**Aim of the task**. Every record below should be printed again exactly, with its pictures removed.

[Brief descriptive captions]
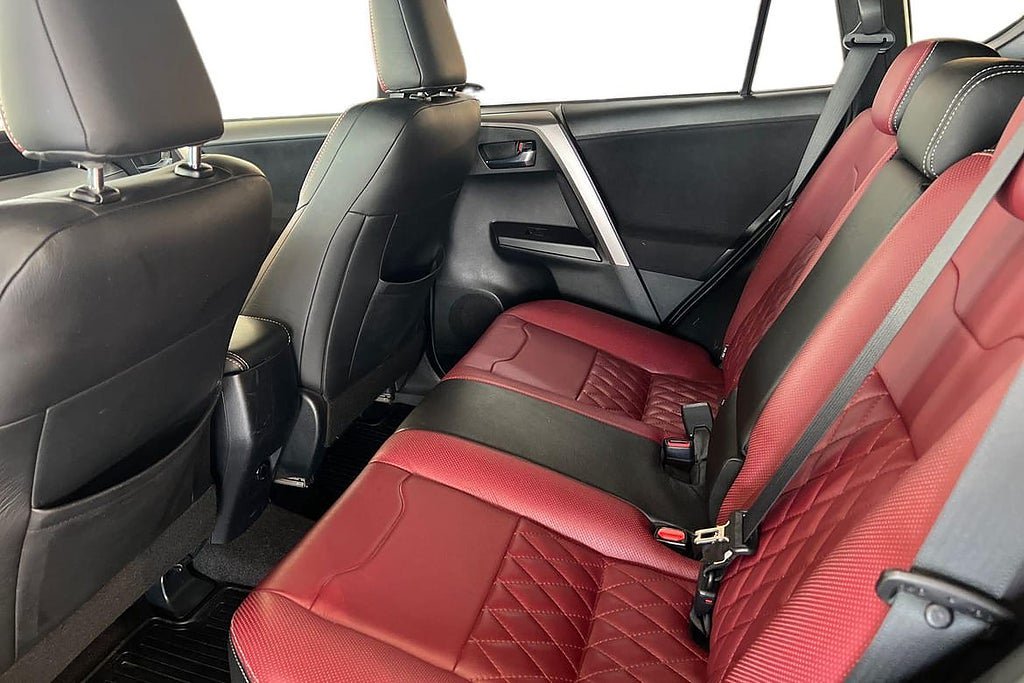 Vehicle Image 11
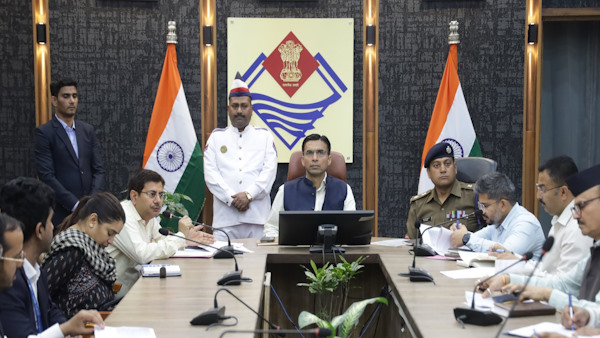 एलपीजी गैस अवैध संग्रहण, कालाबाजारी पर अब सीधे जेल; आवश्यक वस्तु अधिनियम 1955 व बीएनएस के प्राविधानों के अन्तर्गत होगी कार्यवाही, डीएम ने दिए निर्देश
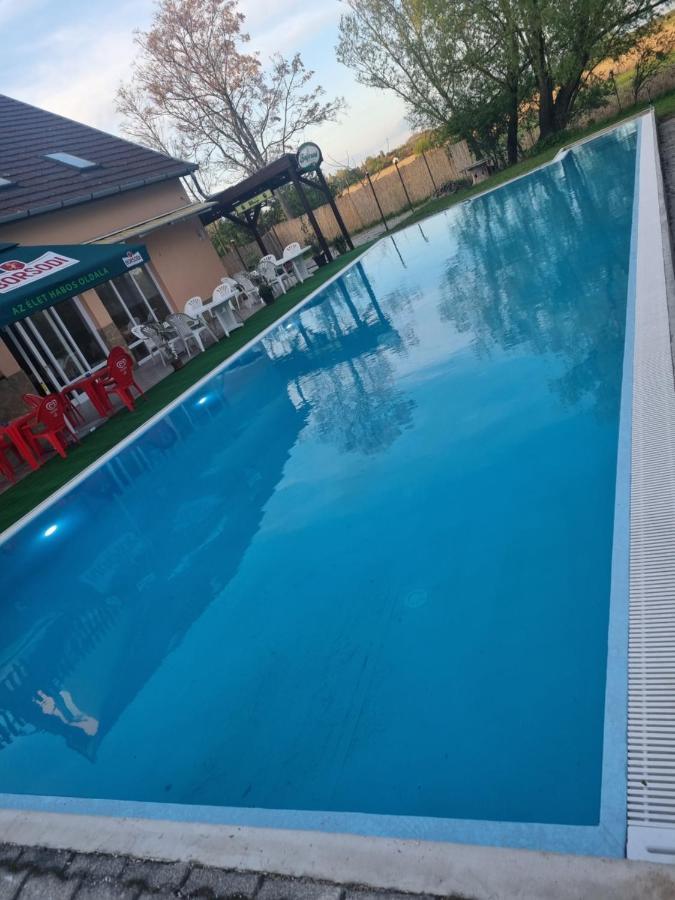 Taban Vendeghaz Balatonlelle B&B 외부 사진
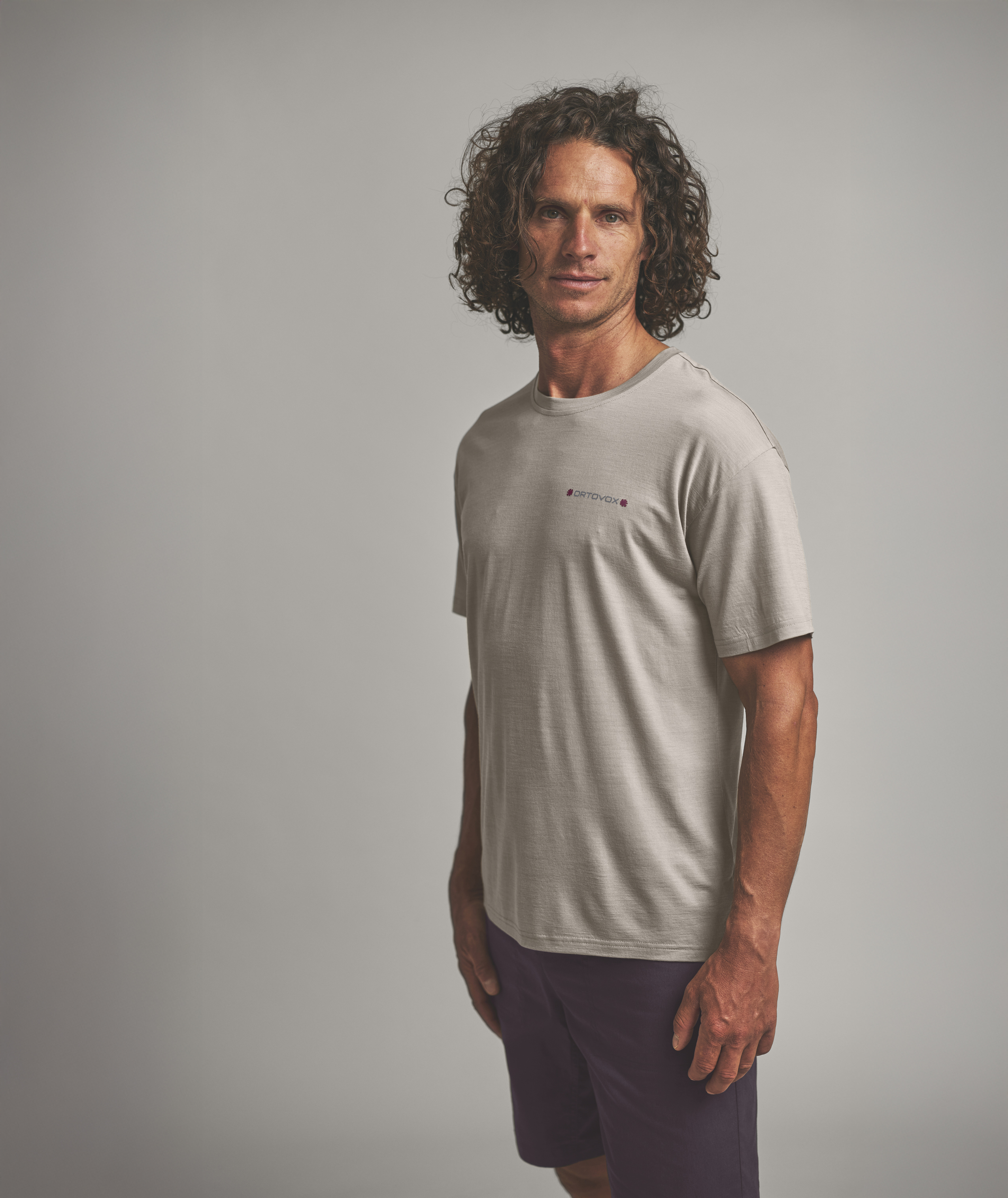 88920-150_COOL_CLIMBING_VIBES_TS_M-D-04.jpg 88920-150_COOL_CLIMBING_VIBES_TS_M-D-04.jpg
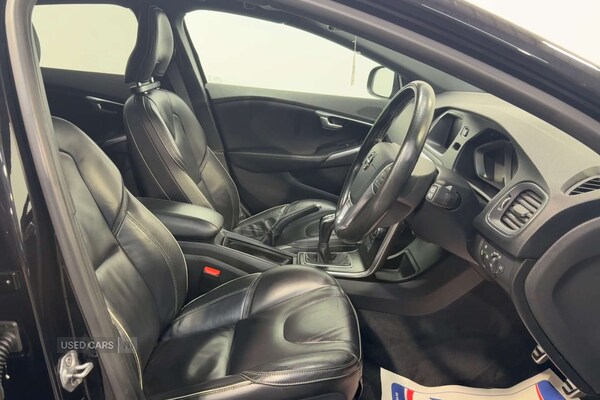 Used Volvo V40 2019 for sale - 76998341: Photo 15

**Exercise response**.
 Vehicle Image 11
 एलपीजी गैस अवैध संग्रहण, कालाबाजारी पर अब सीधे जेल; आवश्यक वस्तु अधिनियम 1955 व बीएनएस के प्राविधानों के अन्तर्गत होगी कार्यवाही, डीएम ने दिए निर्देश
 Taban Vendeghaz Balatonlelle B&B 외부 사진
 88920-150_COOL_CLIMBING_VIBES_TS_M-D-04.jpg 88920-150_COOL_CLIMBING_VIBES_TS_M-D-04.jpg
 Used Volvo V40 2019 for sale - 76998341: Photo 15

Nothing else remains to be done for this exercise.